§ Exercise details
Reproduce the top of the data verbatim, through and including the line that contains "ลูกเป็นผื่น รอยแดง และหน้าแห้ง".

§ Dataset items
_____
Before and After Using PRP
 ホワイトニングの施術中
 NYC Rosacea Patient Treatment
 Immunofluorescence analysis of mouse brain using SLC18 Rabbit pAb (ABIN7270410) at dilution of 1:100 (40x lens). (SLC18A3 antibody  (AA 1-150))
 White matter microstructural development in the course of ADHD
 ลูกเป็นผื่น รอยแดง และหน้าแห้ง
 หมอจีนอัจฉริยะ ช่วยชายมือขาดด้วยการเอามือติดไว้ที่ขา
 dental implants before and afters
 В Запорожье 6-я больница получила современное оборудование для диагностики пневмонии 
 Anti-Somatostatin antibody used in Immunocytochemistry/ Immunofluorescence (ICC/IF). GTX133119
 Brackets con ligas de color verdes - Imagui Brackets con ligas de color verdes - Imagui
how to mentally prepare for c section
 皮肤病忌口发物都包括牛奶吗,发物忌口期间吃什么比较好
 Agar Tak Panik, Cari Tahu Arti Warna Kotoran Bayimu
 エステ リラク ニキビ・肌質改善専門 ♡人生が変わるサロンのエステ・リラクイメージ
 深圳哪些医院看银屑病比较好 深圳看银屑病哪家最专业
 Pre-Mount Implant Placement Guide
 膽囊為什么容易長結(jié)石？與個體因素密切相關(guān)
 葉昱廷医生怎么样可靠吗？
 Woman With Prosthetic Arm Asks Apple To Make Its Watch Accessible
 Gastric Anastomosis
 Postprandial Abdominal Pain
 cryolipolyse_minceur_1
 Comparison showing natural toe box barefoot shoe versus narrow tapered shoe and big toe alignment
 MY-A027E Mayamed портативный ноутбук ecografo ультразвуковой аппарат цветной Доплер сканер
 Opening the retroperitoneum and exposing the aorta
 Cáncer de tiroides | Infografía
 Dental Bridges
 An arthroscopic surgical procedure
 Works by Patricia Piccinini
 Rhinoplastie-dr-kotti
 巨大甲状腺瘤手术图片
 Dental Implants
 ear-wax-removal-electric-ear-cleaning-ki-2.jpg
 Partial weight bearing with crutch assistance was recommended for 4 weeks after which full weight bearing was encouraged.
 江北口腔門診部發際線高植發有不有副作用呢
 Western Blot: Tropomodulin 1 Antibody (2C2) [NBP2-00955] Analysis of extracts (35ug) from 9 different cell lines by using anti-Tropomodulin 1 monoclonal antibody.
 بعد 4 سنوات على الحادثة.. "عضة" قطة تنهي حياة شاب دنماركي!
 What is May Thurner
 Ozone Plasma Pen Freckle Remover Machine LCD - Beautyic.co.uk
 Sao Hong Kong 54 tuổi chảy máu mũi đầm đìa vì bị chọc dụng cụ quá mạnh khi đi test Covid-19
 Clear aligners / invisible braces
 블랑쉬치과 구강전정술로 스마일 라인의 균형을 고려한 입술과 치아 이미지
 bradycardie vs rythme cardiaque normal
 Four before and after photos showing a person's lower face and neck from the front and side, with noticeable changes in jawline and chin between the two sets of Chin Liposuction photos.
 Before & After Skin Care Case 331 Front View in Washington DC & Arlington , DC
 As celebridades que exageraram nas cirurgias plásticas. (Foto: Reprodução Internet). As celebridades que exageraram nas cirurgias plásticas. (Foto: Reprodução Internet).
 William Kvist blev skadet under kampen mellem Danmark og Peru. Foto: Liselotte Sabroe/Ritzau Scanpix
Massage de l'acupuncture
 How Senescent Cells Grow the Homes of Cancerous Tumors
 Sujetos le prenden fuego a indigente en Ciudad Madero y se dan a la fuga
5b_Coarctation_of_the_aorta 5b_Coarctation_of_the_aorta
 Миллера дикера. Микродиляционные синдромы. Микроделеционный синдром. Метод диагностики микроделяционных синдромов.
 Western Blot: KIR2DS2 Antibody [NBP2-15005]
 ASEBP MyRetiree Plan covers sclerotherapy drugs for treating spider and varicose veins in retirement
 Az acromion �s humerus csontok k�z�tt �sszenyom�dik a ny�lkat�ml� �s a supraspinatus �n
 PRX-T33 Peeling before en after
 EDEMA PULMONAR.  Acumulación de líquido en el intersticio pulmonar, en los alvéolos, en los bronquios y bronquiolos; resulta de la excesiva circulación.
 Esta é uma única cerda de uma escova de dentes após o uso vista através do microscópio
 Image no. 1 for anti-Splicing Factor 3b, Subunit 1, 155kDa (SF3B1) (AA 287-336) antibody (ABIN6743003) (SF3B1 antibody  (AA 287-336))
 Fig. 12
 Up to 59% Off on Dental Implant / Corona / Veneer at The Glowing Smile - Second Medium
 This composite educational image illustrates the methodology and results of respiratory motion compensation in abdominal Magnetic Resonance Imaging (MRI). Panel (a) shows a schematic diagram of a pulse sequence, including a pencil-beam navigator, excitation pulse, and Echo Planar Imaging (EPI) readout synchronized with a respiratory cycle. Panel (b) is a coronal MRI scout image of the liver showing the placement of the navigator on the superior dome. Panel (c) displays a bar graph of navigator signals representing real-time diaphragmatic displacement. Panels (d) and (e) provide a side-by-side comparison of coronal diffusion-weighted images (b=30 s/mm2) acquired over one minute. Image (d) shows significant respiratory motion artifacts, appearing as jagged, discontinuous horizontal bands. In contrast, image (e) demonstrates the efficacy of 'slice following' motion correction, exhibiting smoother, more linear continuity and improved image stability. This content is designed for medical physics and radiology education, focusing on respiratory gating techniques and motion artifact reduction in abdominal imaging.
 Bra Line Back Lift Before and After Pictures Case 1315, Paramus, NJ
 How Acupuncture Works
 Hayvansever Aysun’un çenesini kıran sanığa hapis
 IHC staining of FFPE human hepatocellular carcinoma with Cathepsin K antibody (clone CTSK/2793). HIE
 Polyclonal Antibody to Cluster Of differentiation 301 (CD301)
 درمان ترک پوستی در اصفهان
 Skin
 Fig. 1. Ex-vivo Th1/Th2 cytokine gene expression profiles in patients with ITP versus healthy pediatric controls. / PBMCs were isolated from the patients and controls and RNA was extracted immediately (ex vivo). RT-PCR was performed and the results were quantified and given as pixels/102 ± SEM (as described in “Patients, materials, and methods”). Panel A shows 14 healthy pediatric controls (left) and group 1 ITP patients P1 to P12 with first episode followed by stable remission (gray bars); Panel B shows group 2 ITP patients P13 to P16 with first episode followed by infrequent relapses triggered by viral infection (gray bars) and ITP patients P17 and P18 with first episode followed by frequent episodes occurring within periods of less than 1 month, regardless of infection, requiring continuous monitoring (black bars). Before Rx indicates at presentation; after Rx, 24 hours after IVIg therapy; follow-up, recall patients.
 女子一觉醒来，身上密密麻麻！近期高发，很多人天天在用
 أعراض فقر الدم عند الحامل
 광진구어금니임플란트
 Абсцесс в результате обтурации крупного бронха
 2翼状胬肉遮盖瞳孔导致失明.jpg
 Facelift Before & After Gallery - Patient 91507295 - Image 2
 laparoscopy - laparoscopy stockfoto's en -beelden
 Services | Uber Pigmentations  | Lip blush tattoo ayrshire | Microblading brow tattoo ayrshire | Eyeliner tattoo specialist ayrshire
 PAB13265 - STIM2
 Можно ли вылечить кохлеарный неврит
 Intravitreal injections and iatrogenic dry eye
_____
§ Written response
Before and After Using PRP
 ホワイトニングの施術中
 NYC Rosacea Patient Treatment
 Immunofluorescence analysis of mouse brain using SLC18 Rabbit pAb (ABIN7270410) at dilution of 1:100 (40x lens). (SLC18A3 antibody  (AA 1-150))
 White matter microstructural development in the course of ADHD
 ลูกเป็นผื่น รอยแดง และหน้าแห้ง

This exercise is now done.